I begun training at the start of December which felt odd to me starting my 2015 campaign in 2014. I’ve never trained through the Holiday season and I knew that would be a tough phase to get through without losing focus. I was slightly lost how to go about training for a 50K road race with a firm emphasis on the word ‘road’. All of my previous 50K’s have been on trails, some gnarlier than others, but all without too much fixation on pace or goal time. I would have to hang my head if this wasn’t going to be a PR day.

RUN SMART PROJECT

A Scientific Approach To Becoming A Faster Runner

I knew this race could be almost run like a marathon, just slightly less gas to save the engine for another 5+ miles. But I just didn’t have any great knowledge of how to train for it. Luckily, my good friends at The Run Smart Project do and they customized a nice 3-month plan for me. Through the winter months, I found some excuses to not run every run prescribed, something I’ve never really had much trouble with before. Whether it was because training in December in NYC is hard (the park is dead), my travel schedule involved two trips to Europe (not complaining) or I just wanted to stay home and play with our new Weimaraner puppy, Miles, instead of facing the cold winter nights I’m not sure. But most of the time I did layer up and train and put in good, not great speed workouts.

Pre-Juno

Full on training mode in Central Park while the rest of the city hunkered down pre-winter storm Juno.

The training plan gives a predicted goal time (if you follow it precisely) and mine for March 1st read 3:22 goal time. I knew my fitness level was not there (it would have meant a marathon PR en route FYI) so I played a more cautious approach of aiming for a window between 3:30-40 which was in the 7-min pace range. I was hopeful but not convinced that was where I was, which I shared with my friend Ken Posner pre-race. I was however convinced that my 4:33 50K PR was about to be taken down though!

Ten 5K loops awaited me on a course I knew little about. I had chatted with Ian Torrence and Emily Harrison about this race a year ago and they said it was “definitely not flat”. I didn’t know exactly how to interpret that but was about to find out.

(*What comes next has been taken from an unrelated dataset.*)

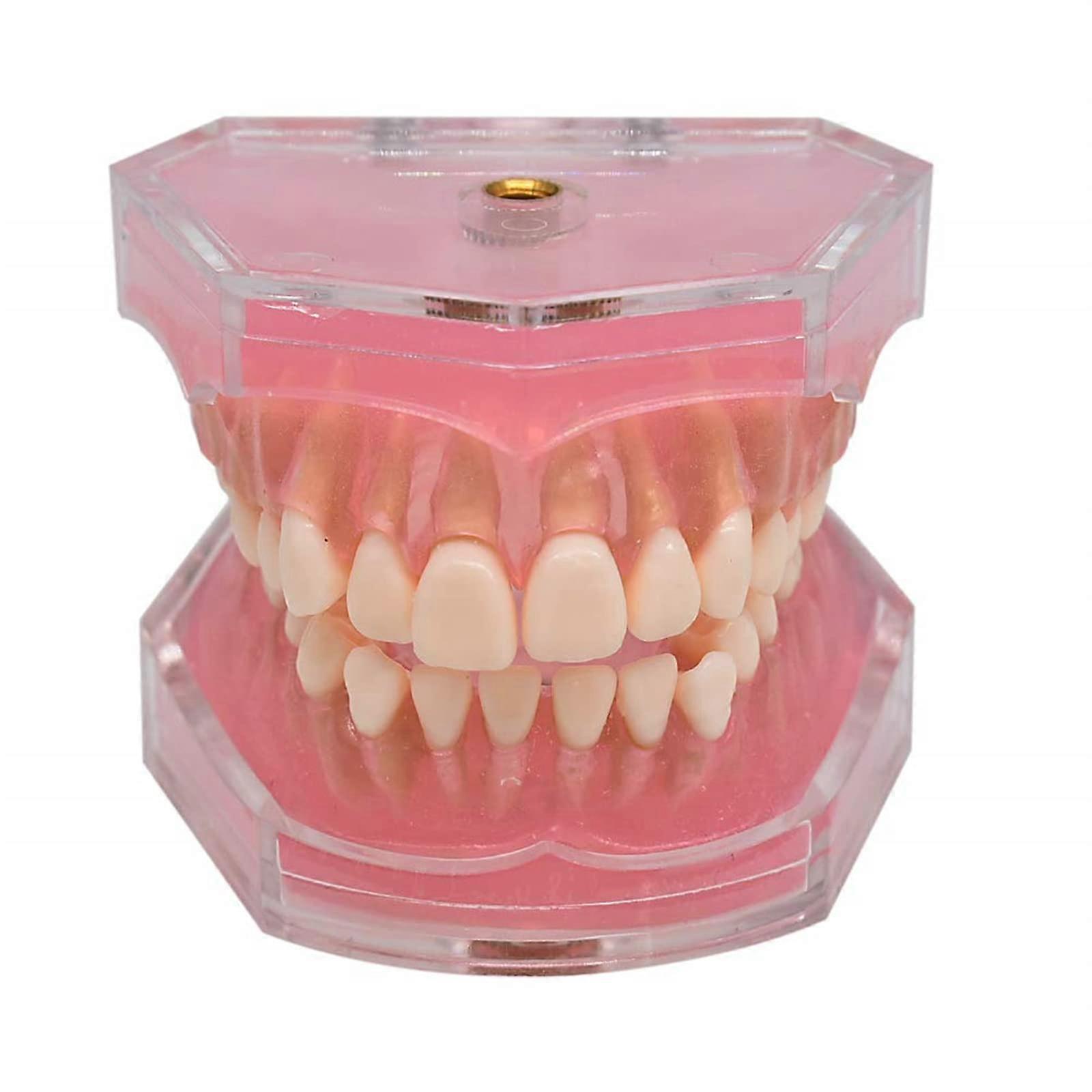 Dental Implant Model with Removable Teeth for Clear Anatomy Visualization and Dental Teaching Use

I asked around for information about what drinks were on the course but couldn’t seem to find a consistent answer. Bremen told me he thought it was Hammer which is low on sugar compared to other brands and therefore low on my list (sorry Hammer). I jammed four Honey Stinger gels into my gloves and tights and had more in my bag if I really needed to come back and reload. I had made a rookie diabetes mistake of trying to calibrate a new sensor for my CGM in the morning but the calibration hadn’t finished in time so carrying it was now worthless. The plus side of this mini disaster was that I had room for some more gels! The glass is always half full as a diabetic athlete : )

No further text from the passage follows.